BY RODERICK EIME IN HAWAI’I
For many decades, the true meaning of Hawai’ian, ‘Aloha’ has been lost to commercial usage and trite tourist parlance, being used to brand everything from t-shirts to canned fruit. But in recent years, the Polynesian people of Hawai’i have sought to restore the genuine essence of this ancient term to its proper status.
‘Aloha’ as a greeting lost its way particularly after contact with Western culture in the mid- to late 19th Century. When Hawai’i was annexed by the United States in 1898 after the overthrow of the popular monarchy, it was further diluted to a simple greeting interchangeable with ‘hello’ or ‘goodbye’ and stripped of its highly spiritual connotation.
In contrast to the Fijian ‘Bula!’ which is announced with gusto, ‘Aloha’ is more subtle and reverent. Many Hawai’ians believe that a boisterous ‘Aloha!’ is disrespectful.
To greet with ‘Aloha’ when meeting someone is to exchange “the breath of life”. Much like the Maori traditional greeting, the Hawai’ian ‘Honi’ places the nose and forehead together with both parties inhaling through the nose. The breath from the nose is believed to pure, compared to that from the mouth. This is often followed by a hug or kiss to the cheek, or both. The belief is that after such an intimate introduction, it is then difficult to have hostile feelings toward your new friend.
On the Kohala Coast of the Big Island of Hawai’i is the Mauna Lani Bay Resort where historian and ‘protocol officer’, Danny Kaniela Akaka, has had a modest office in the resort’s cultural centre for 26 years. Danny runs regular tours of the resort’s significant historic sites including the former royal fish ponds that form part of the beautifully landscaped grounds of the sprawling resort, spa and golf complex 23 old miles north of the Kona International airport.
Quiz Danny a little and you’ll quickly discover his knowledge goes way beyond simply telling tales of the old days. Throughout Hawai’i he is respected as a long-standing kahu, teacher, musician, storyteller, explorer and preservationist – truly a keeper of the aloha spirit. He has dedicated his life to the preservation of Hawai’ian culture and its values.
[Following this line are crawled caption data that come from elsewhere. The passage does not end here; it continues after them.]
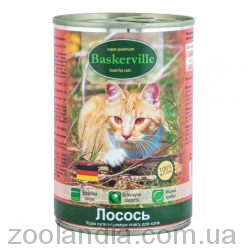 Baskerville (Баскервіль) - Консервований корм для котів (лосось)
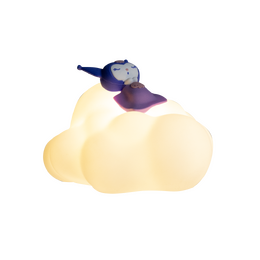 Kuromi dotyková lampa - obláček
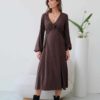Молочное платье для беременных и кормящих мам Clarita Весна 29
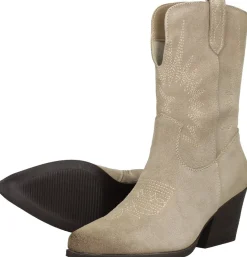 Ps. Poelman Kuit Laarzen Beige Online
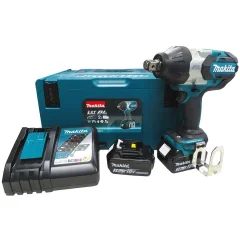 Chave de Impacto 3/4" à bateria 18V DTW1001RFJ 2 Baterias - Makita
One of the resort’s famous cultural projects under his stewardship is the building of a faithful replica of an ocean-going outrigger canoe, ‘Lau Lima’ (meaning ‘many hands’), named as such because hundreds of resort guests have lent their ‘Mana’ to the project. Preliminary sea trials were encouraging. “It rides like a Cadillac!” says Danny. Its official launching was delayed by slight damage from the Japanese tsunami, but the completion is tantalisingly close. Another 100-year-old preserved vessel can be seen next to Danny’s office.
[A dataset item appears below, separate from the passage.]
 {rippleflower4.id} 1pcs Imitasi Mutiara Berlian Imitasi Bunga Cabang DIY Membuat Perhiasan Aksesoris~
“When the agreement to develop the resort on these sacred lands was struck in 1972,” Danny tells me, “part of the understanding was to preserve these significant sites. The Japanese partners, led by Noboru-san from Tokyo and his heirs, have held to their promise and we have these beautiful features here today.”
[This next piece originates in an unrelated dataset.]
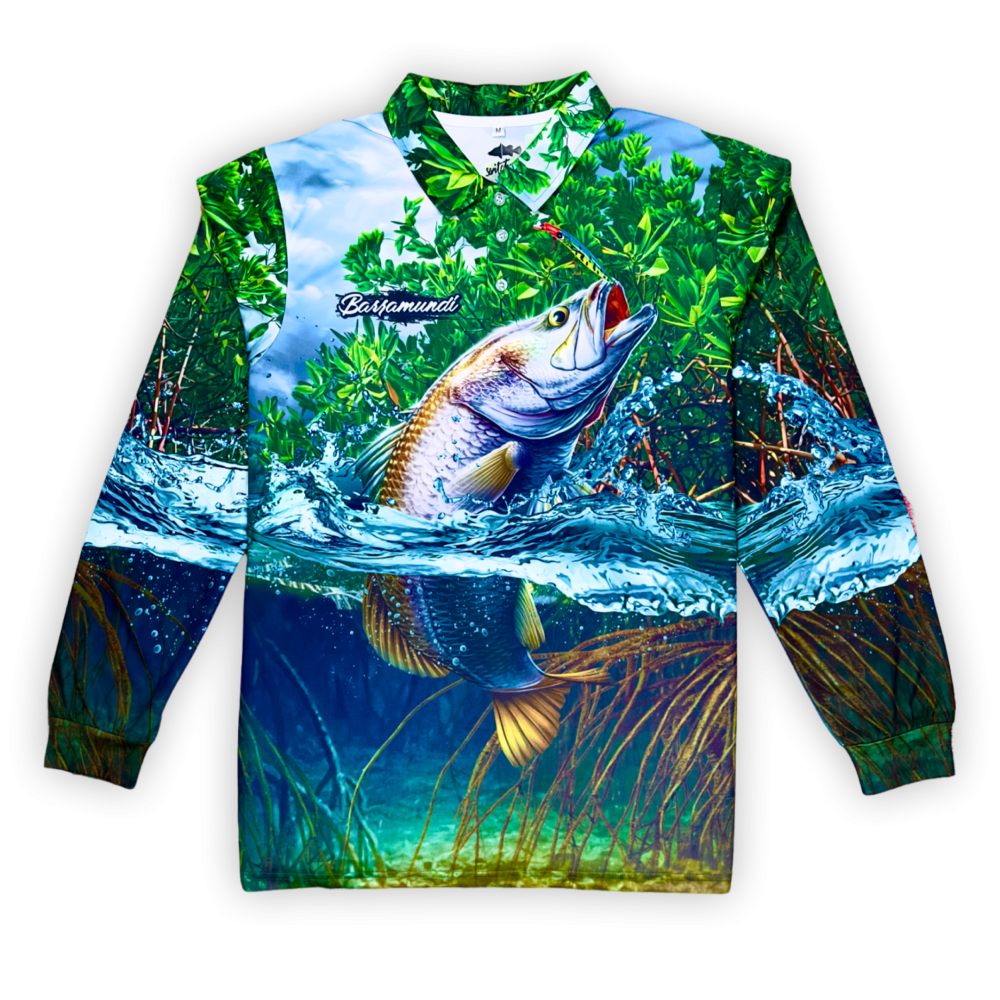 Barramundi Fishing Shirt | UPF 50+ Sun Protection | Recycled Fabric | Fisherman Apparel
“This area of Hawai’i has an important spiritual significance for the traditional people and it is something like a spiritual magnet, a place for healing and renewal, and these ponds are the focal point. Without these, the place would lose its special qualities.”
At a time when respect for indigenous culture was rare, the 343-room Mauna Lani Bay was built to incorporate these sites into the landscape and to draw on their perceived significance while leaving them intact, protecting or restoring them as appropriate.
Today the resort is an acclaimed spa and golf retreat situated amid a 500 year old lava flow that extends all the way to the sea from the “mountain heavens” beyond. On a clear day, the mighty 4200m Mauna Kea and her famous observatories can be seen.